Heat network configuration
Network configuration is determined by the placement of infrastructure, as well as the network size and heat source location. Fortunately, the Creative Energy Homes test site can accommodate a largely soft-dig trenching system with a simple branched pipe network (see Figure 1). Branched networks allow for consumers to be connected to the main loops individually by a smaller service branch. Benefits of branched networks include flexible design, easy installation, and additional branches can be added to the network loop at later stages.

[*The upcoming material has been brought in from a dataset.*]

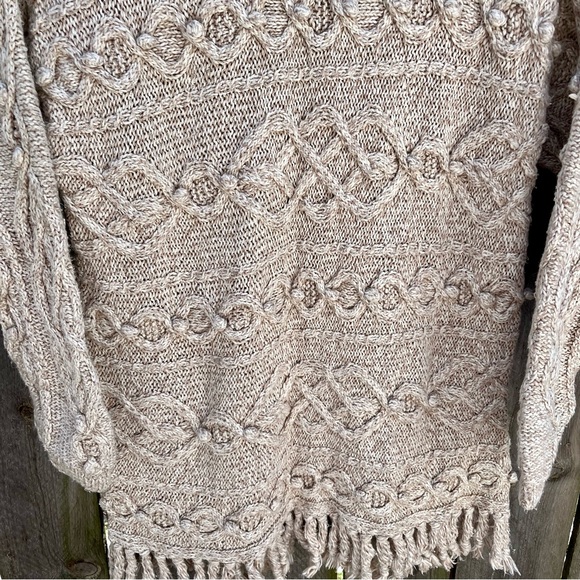 Vintage Express Sweater | Hong Kong Tag | Neutral Ribbed Knit | Size M - Picture 10 of 13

As mentioned, project SCENIC is the first MES (Multi-vector Energy System) DHN with truly distributed energy generation. Consequently, a novel network configuration was required to facilitate prosumer and consumer participation at each property. A double loop system has been installed, where a network loop supplies heat to each property via a consumer HIU (heat interface unit) (see Figure 2), and a generation loop delivers heat generated at each property through a prosumer HIU to a CTS (central thermal store) (see Figure 2).
Network component sizing
Heat networks are designed on peak load in winter, yet year round efficiency needs to be considered. Despite peak load needing to be met, oversizing needs to be balanced against technically practical and economically feasible component selection. For most of the year the system will only operate at part load with peak output is only needed for a few hours.
Initially, network operating temperature needs to be selected. Following this, when sizing a heat network, three components are considered:
- Heat source
- Heat distribution/pipe system
- Heat exchanger/heat interface unit (HIU)
Within this section, we consider the sizing of the aforementioned heat network components using the modelled results. Once component sizes have been identified it is possible to present the overall heat network layout within Section 4. Unlike standard heat network component sizing and design, project SCENIC has to consider the integration of distributed generation on all 7 networked properties.
Operating temperatures
The transition to LTDH is widely understood to be the next step in heat network efficiency. Generally, LTDH has a supply temperatures below 55°C and return temperatures of around 30°C described in numerous papers (, , , , , , ). As a result, Project SCENIC aims to achieve a network supply temperature below 55°C for most of the year and a return temperature of 30°C.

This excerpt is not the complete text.